Frutto rosso e tondo il pomodoro, intorno al quale si rincorrono le vicende più basse tra quelle messe in scena da questo tempo fluido e di transizione. La raccolta del pomodoro è gestita quasi sempre tramite sfruttamento becero di immigrati disperati. Spesso a occuparsi del reperimento del personale sono agenzie di intermediazione, meglio note come «caporali», gestite a volte con logiche aberranti e intrise di razzismo. È di fine settembre la scoperta di alcuni caporali calabresi che pagavano differentemente la forza lavoro, riconoscendo 35 euro al giorno ai bianchi e 25 ai neri, a prescindere dalla cittadinanza. 10 euro di differenza giustificati soltanto dal diverso colore della pelle.

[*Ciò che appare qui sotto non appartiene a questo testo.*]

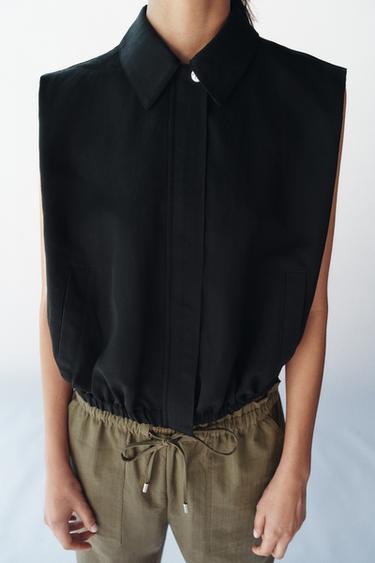 GILET BALLON - Noir de Zara - Image 3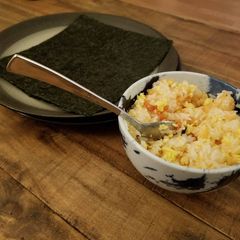 A picture of Cod roe and egg rice bowl.
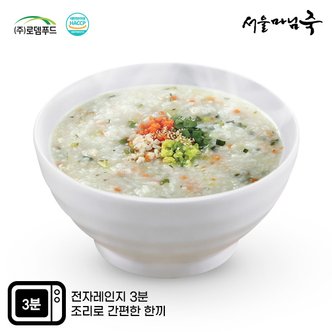 서울마님죽 엄마의맛! 든든한 아침식사 야채죽500gx3봉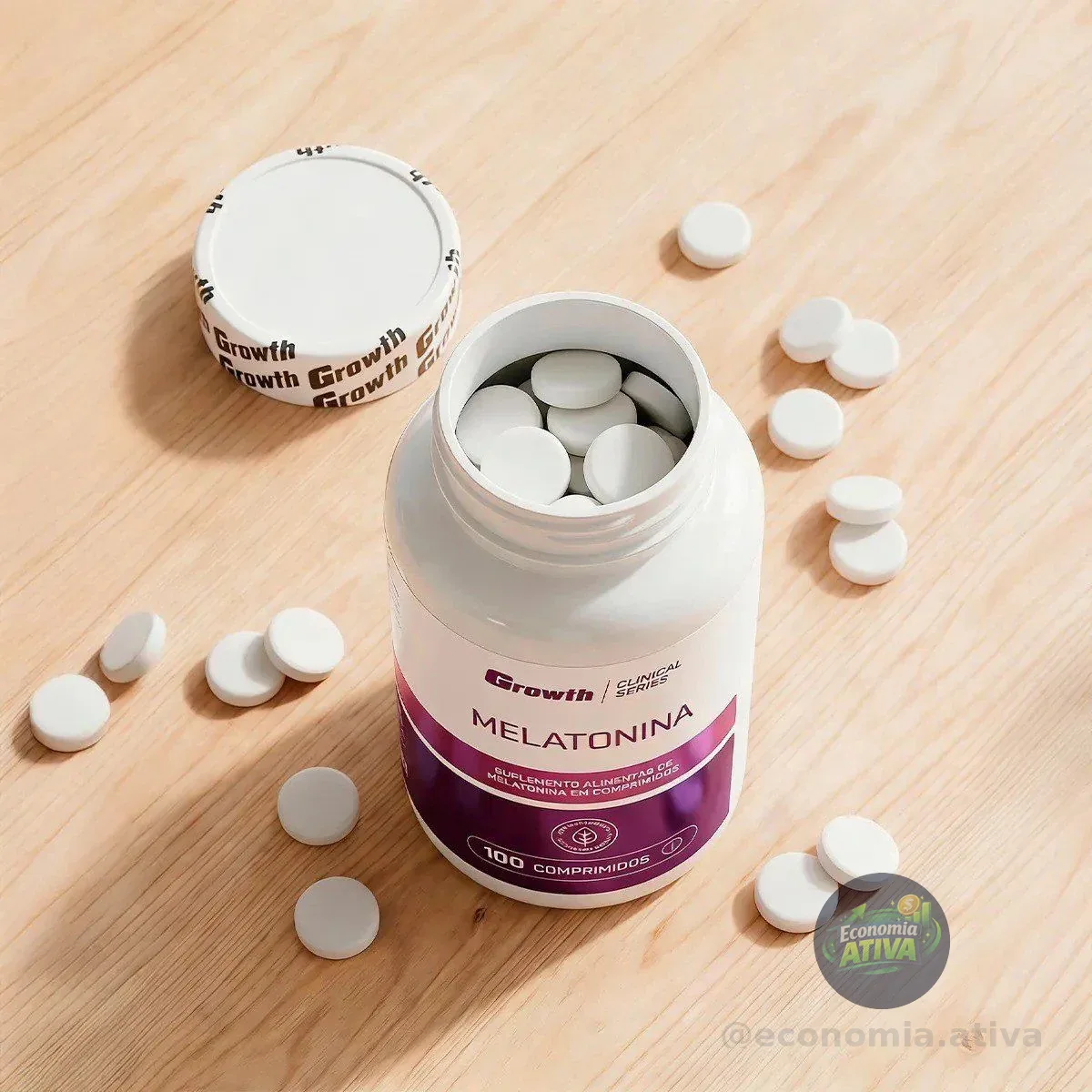 Melatonina (0.21mg) 100 Comprimidos Growth Supplements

Negli stessi giorni un trasportatore rumeno di 48 anni era fermato a Collecchio, vicino Parma: dopo essere risultato positivo all’alcoltest gli veniva ritirata la patente. Lui si giustificava come poteva: «Non stavo lavorando; ero andato a mangiare qualcosa e avevo bevuto qualche bicchiere di vino». Gli agenti, disarmati da una scusa tanto banale, ricorrevano a consigli di buon senso: «Ma il camion non lo potevi tenere a casa?». E qui inizia il secondo tempo della storia. Perché l’autista a quel punto ha tirato fuori alcuni documenti e porgendoli agli uomini in divisa ha detto seccamente: «La mia casa è in Romania; qui vivo su questo camion».

In effetti, scorrendo il contenuto di quelle carte, gli agenti verificavano che l’autista era entrato in un’agenzia interinale di Bucarest lo scorso 25 luglio. Il giorno seguente era stato distaccato a tempo determinato presso una società di Caltanissetta, impegnata a svolgere in subappalto la raccolta del pomodoro per conto del general contractor di un’azienda produttrice di conserve. Giunto in Italia gli avevano consegnato il veicolo e quello era diventato per lui come il guscio per una lumaca: una casa da portarsi dietro quando lavori, quando mangi, quando dormi. In questo modo aveva condotto la sua vita per tre lunghi mesi, guadagnando in cambio una cifra irrisoria. Eppure quelle poche centinaia di euro lo avevano convinto ad abbandonare la propria casa per accettare quella condizione “strisciante”. Testimonianza tangibile di una disperazione insopportabile.

Un dettaglio illuminante per comprendere questa vicenda, però, riguarda l’agenzia interinale di Bucarest: i proprietari, come spesso accade, sono tutti di nazionalità italiana. Il collocamento a Est di quel tipo di attività serve soltanto per stare nel punto più adatto a raccogliere i frutti della disperazione e a convogliarli laddove qualcuno nella penisola chiede di sfruttarli.

Se non fossero stati quei due bicchieri di vino, forse questa vicenda non sarebbe venuta a galla, ma rimasta sotto traccia a far scorrere il suo contenuto di ingiustizia e di concorrenza sleale. Perché quel lettore di Piacenza che ci ha scritto in redazione per lamentarsi che, mentre era impegnato nella campagna del pomodoro, ha preso un verbale da quasi 500 euro perché, per pochi chilometri, non aveva coperto il carico con un telo adeguato, opera sullo stesso mercato dell’azienda che sfruttava il lavoro dell’autista rumeno. Ed essere costretti ad applicare scrupolosamente la legge (e a volte a pagare per infrazioni anche minime), mentre altri la aggirano con disinvoltura, non soltanto mette in difficoltà economica perfino le aziende più serie, ma finisce per far odiare l’Europa e l’immigrazione tutta. Quando invece il marcio è lì, subito dietro casa.